▶ Task prompt: Please return the lines from the one with "夏までに肌荒れ卒業 するサロン🌻のエステ・リラクイメージ" through the end of the listing below, word for word, with every picture left out.

▶ Records supplied:
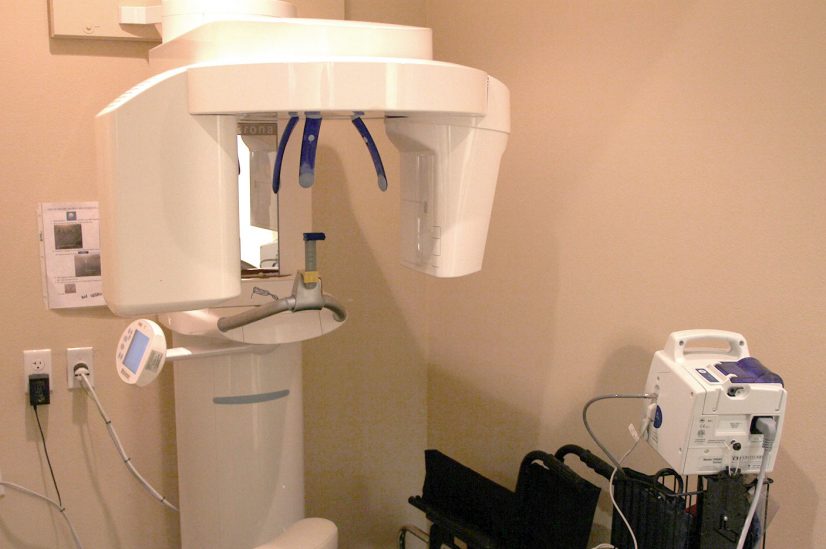 cone beam x ray equipment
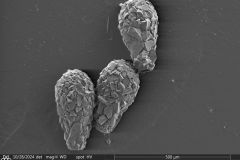 Difflugia-pyriformis-1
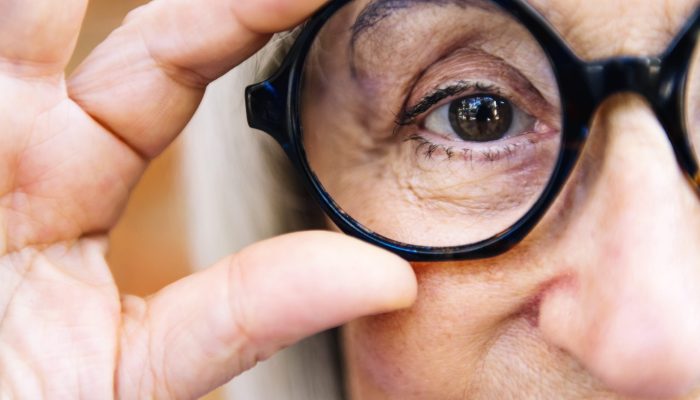 Degenerazione Maculare Senile: Come Prevenirla?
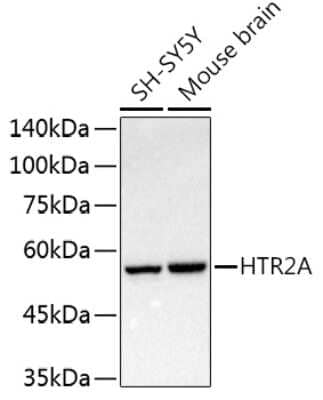 Western Blot: 5-HT2A AntibodyAzide and BSA Free [NBP3-16043]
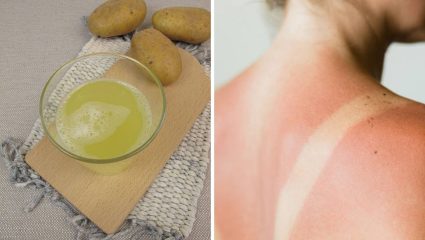 त्वचेसाठी बटाटा ठरेल वरदान! ‘या’ पद्धतीने नियमित चेहऱ्यावर लावा बटाट्याचा रस, आठवडाभरात त्वचा होईल चमकदार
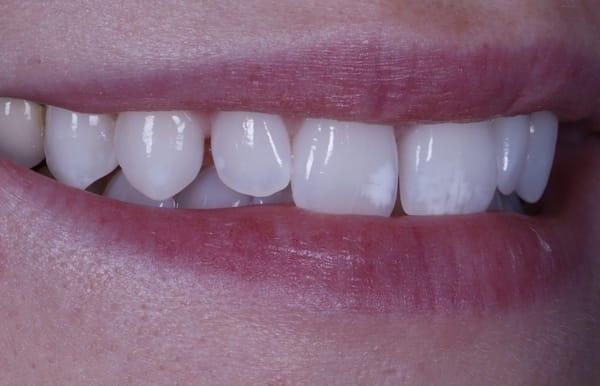 face - haymarketdentalnew
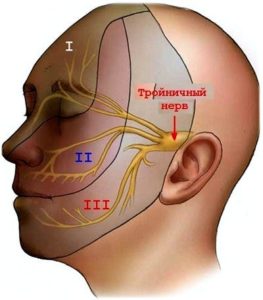 Невралгия тройничного нерва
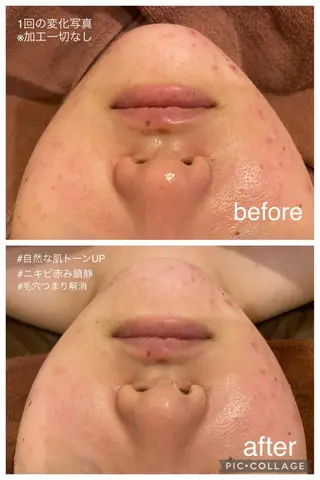 夏までに肌荒れ卒業 するサロン🌻のエステ・リラクイメージ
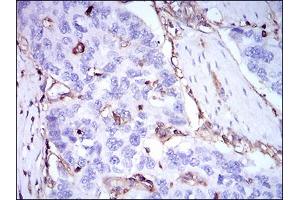 Immunohistochemical analysis of paraffin-embedded esophageal cancer tissues using B2M mouse mAb with DAB staining.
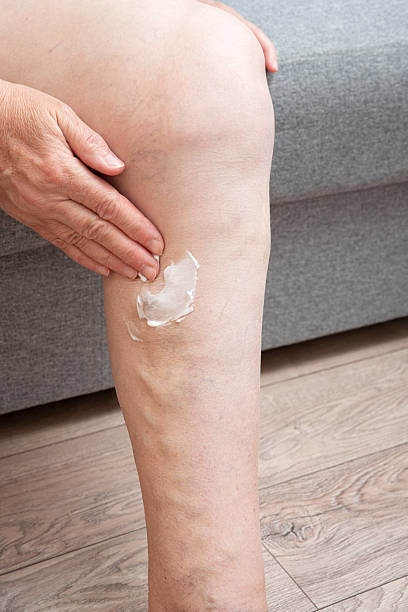Ointment for vericose veins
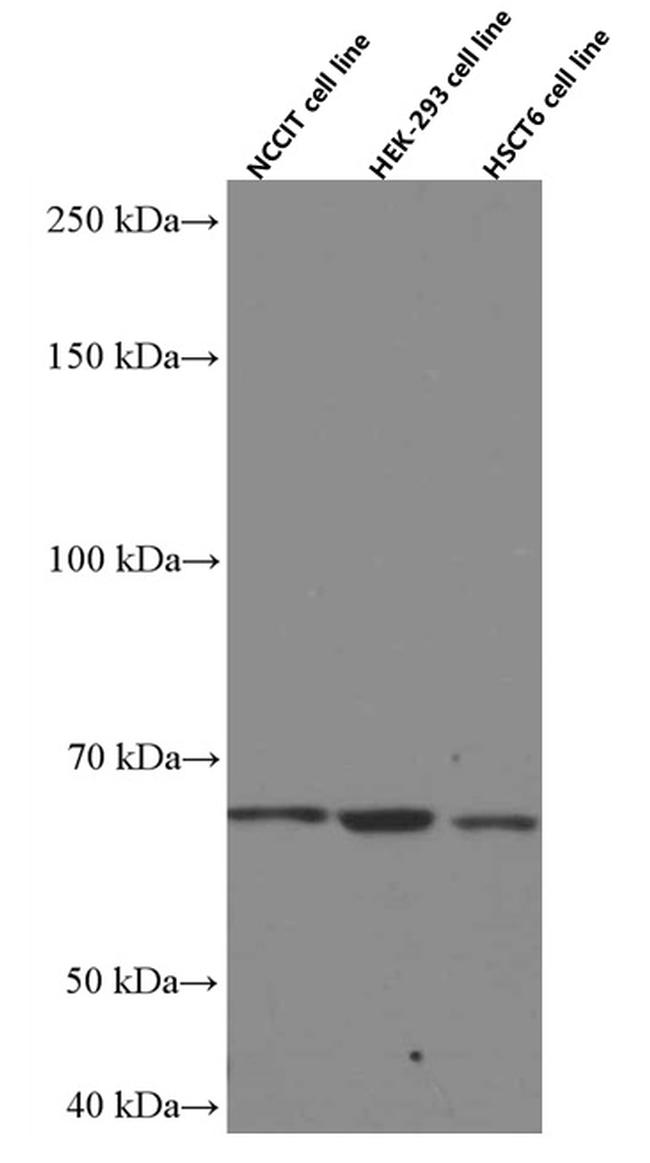 MKS1 Antibody in Western Blot (WB)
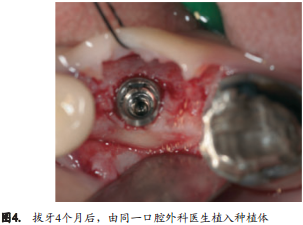 人拔牙后牙槽骨的组织改变：自然愈合与牙槽嵴保存术的比较研究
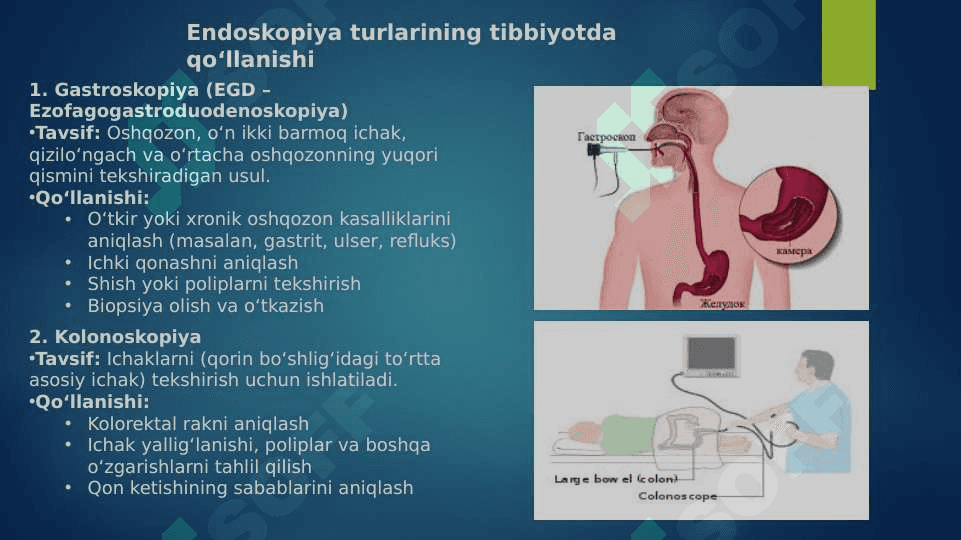 Tibbiyotda endoskopiya usullarning qo’llanishi 4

▶ The answer:
 夏までに肌荒れ卒業 するサロン🌻のエステ・リラクイメージ
 Immunohistochemical analysis of paraffin-embedded esophageal cancer tissues using B2M mouse mAb with DAB staining.
Ointment for vericose veins
 MKS1 Antibody in Western Blot (WB)
 人拔牙后牙槽骨的组织改变：自然愈合与牙槽嵴保存术的比较研究
 Tibbiyotda endoskopiya usullarning qo’llanishi 4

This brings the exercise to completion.